→ AVAILABLE RECORDS

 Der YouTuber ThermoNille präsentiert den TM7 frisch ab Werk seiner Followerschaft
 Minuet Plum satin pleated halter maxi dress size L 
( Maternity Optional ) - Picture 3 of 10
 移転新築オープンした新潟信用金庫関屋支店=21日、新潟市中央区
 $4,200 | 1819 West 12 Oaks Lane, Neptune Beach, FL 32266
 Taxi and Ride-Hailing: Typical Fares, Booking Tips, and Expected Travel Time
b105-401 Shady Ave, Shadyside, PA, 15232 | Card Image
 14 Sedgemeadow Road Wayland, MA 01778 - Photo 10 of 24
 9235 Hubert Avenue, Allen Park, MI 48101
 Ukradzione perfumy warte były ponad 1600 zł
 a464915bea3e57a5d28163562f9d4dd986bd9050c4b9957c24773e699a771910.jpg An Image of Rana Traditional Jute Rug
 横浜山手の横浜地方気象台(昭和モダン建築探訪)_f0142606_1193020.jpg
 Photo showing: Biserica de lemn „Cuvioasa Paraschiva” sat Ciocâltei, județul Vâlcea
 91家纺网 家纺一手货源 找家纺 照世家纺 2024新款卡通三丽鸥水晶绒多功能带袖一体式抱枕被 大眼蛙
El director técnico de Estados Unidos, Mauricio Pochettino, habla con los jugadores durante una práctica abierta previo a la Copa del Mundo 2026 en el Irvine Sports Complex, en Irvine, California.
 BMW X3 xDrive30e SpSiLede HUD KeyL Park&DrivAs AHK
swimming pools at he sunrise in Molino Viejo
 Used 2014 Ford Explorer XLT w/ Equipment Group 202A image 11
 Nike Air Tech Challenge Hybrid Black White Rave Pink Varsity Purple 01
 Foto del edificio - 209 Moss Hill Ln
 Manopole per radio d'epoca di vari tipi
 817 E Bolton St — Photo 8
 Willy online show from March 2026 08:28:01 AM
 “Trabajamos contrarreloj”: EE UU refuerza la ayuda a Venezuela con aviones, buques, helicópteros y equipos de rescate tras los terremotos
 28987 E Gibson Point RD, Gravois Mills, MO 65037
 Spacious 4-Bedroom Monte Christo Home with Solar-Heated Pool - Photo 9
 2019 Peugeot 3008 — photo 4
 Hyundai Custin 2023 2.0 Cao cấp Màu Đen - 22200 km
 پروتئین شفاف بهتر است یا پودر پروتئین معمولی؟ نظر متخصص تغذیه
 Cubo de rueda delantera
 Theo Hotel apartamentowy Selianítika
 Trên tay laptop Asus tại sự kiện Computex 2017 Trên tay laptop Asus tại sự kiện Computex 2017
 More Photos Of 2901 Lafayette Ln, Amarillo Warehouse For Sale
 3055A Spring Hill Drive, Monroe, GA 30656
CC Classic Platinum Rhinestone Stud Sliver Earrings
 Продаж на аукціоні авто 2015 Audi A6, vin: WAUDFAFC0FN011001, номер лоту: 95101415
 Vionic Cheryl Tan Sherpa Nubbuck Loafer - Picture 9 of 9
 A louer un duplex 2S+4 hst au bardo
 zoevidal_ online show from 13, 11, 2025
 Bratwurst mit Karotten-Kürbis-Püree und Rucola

→ EXERCISE PROMPT
All of the data above should be written out again word for word.

→ TASK OUTPUT
 Der YouTuber ThermoNille präsentiert den TM7 frisch ab Werk seiner Followerschaft
 Minuet Plum satin pleated halter maxi dress size L 
( Maternity Optional ) - Picture 3 of 10
 移転新築オープンした新潟信用金庫関屋支店=21日、新潟市中央区
 $4,200 | 1819 West 12 Oaks Lane, Neptune Beach, FL 32266
 Taxi and Ride-Hailing: Typical Fares, Booking Tips, and Expected Travel Time
b105-401 Shady Ave, Shadyside, PA, 15232 | Card Image
 14 Sedgemeadow Road Wayland, MA 01778 - Photo 10 of 24
 9235 Hubert Avenue, Allen Park, MI 48101
 Ukradzione perfumy warte były ponad 1600 zł
 a464915bea3e57a5d28163562f9d4dd986bd9050c4b9957c24773e699a771910.jpg An Image of Rana Traditional Jute Rug
 横浜山手の横浜地方気象台(昭和モダン建築探訪)_f0142606_1193020.jpg
 Photo showing: Biserica de lemn „Cuvioasa Paraschiva” sat Ciocâltei, județul Vâlcea
 91家纺网 家纺一手货源 找家纺 照世家纺 2024新款卡通三丽鸥水晶绒多功能带袖一体式抱枕被 大眼蛙
El director técnico de Estados Unidos, Mauricio Pochettino, habla con los jugadores durante una práctica abierta previo a la Copa del Mundo 2026 en el Irvine Sports Complex, en Irvine, California.
 BMW X3 xDrive30e SpSiLede HUD KeyL Park&DrivAs AHK
swimming pools at he sunrise in Molino Viejo
 Used 2014 Ford Explorer XLT w/ Equipment Group 202A image 11
 Nike Air Tech Challenge Hybrid Black White Rave Pink Varsity Purple 01
 Foto del edificio - 209 Moss Hill Ln
 Manopole per radio d'epoca di vari tipi
 817 E Bolton St — Photo 8
 Willy online show from March 2026 08:28:01 AM
 “Trabajamos contrarreloj”: EE UU refuerza la ayuda a Venezuela con aviones, buques, helicópteros y equipos de rescate tras los terremotos
 28987 E Gibson Point RD, Gravois Mills, MO 65037
 Spacious 4-Bedroom Monte Christo Home with Solar-Heated Pool - Photo 9
 2019 Peugeot 3008 — photo 4
 Hyundai Custin 2023 2.0 Cao cấp Màu Đen - 22200 km
 پروتئین شفاف بهتر است یا پودر پروتئین معمولی؟ نظر متخصص تغذیه
 Cubo de rueda delantera
 Theo Hotel apartamentowy Selianítika
 Trên tay laptop Asus tại sự kiện Computex 2017 Trên tay laptop Asus tại sự kiện Computex 2017
 More Photos Of 2901 Lafayette Ln, Amarillo Warehouse For Sale
 3055A Spring Hill Drive, Monroe, GA 30656
CC Classic Platinum Rhinestone Stud Sliver Earrings
 Продаж на аукціоні авто 2015 Audi A6, vin: WAUDFAFC0FN011001, номер лоту: 95101415
 Vionic Cheryl Tan Sherpa Nubbuck Loafer - Picture 9 of 9
 A louer un duplex 2S+4 hst au bardo
 zoevidal_ online show from 13, 11, 2025
 Bratwurst mit Karotten-Kürbis-Püree und Rucola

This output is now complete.